For us, it may seem a bit less explicit.  We don’t tend to build statues and bow down before it.  So, to see the relevance of this gracious word, an explanation of what an idol is might be helpful.  Here is a quote from Pastor Mark Driscoll from an interview on Nightline,

” An idol is someone or something that occupies the place of God in your life–preeminent, prominent, the center of your life, most important person/thing, gives you identity, meaning, value, purpose, love, significance, security–when the Bible uses the word ‘idol’ that’s what its getting at.”

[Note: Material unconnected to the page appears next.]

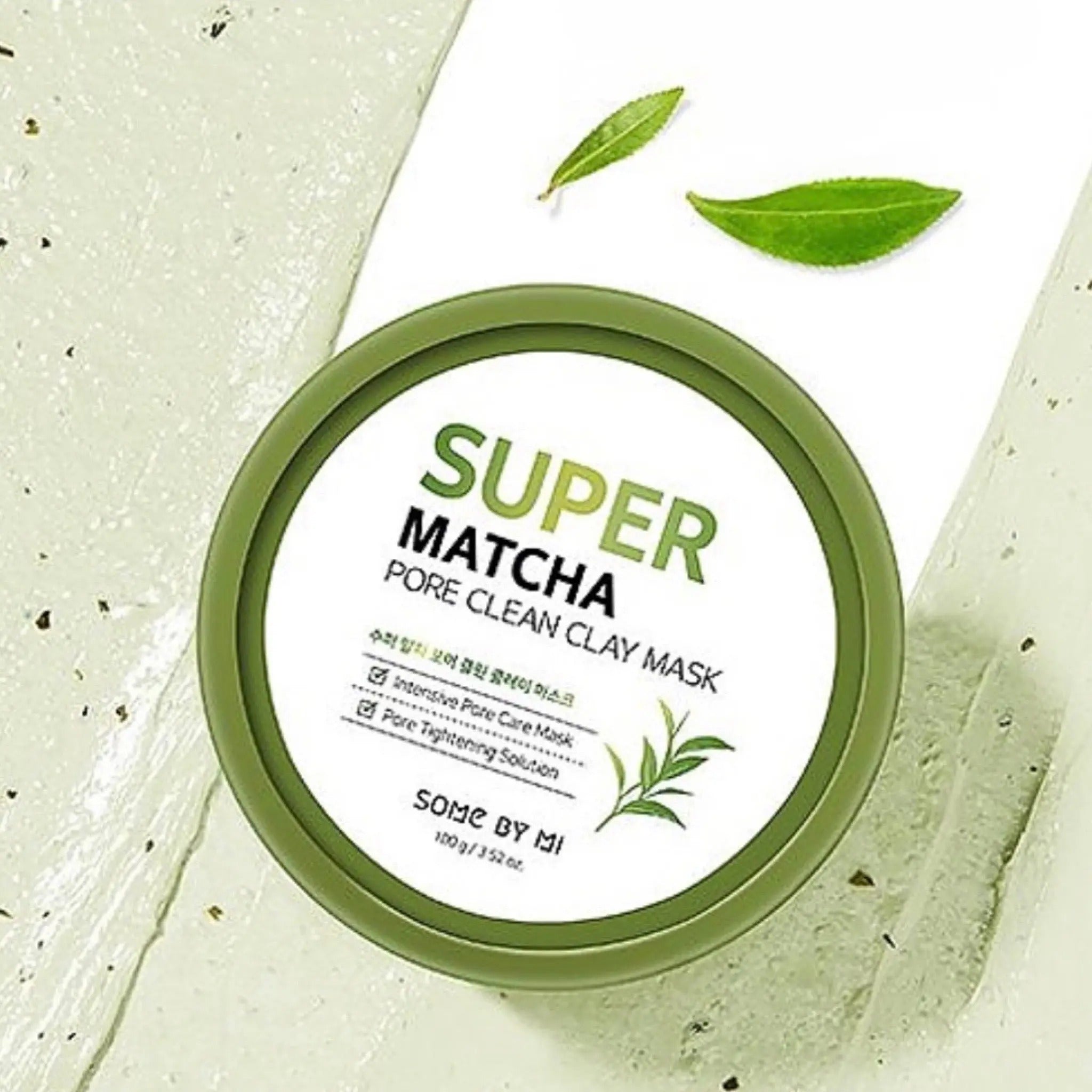 Some By Mi Super Matcha Pore Clean Clay Mask - 100g Some By Mi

John Calvin says, “the human mind is a perpetual factory of idols”.  Idolatry did not end when the commandment came.  It did not cease when America was born.  And it certainly is not a foreign practice to us today.  If a 1st century Jew was teleported to a 21st century basketball game, political rally, concert, mall, it would appear to him to be some sort of worship ceremony.

Our trust is in how big of a hard drive we have; our identity lies in our grades, skills, careers; our affections and thoughts center around boyfriends/girlfriends; the most valuable thing to us is our ipod; the most consistent activity in our days is prime time television.  We are idolaters.  Do not be fooled.  This commandment may be one of the most relevant for us today.

Why is this gracious?

“I the LORD your God am a jealous God, visiting the iniquity of the fathers on the children to the third and the fourth generation of those who hate me, but showing steadfast love to thousands of those who love me and keep my commandments” (Exod. 20:5-6).

God’s character is to be incredibly jealous for his worship.  When we worship him alone, he shows steadfast love to us for thousands of generations.  This commandment is for our supreme enjoyment of a gracious God.

“I am the way, and the truth, and the life. No one comes to the Father except through me” (John 14:6).  There is no right worship of God without a rightful worship of his Son, Jesus.  Perhaps this is why the apostle John concludes his first epistle with this statement, “[Jesus Christ] is the true God and eternal life. Little children, keep yourselves from idols.”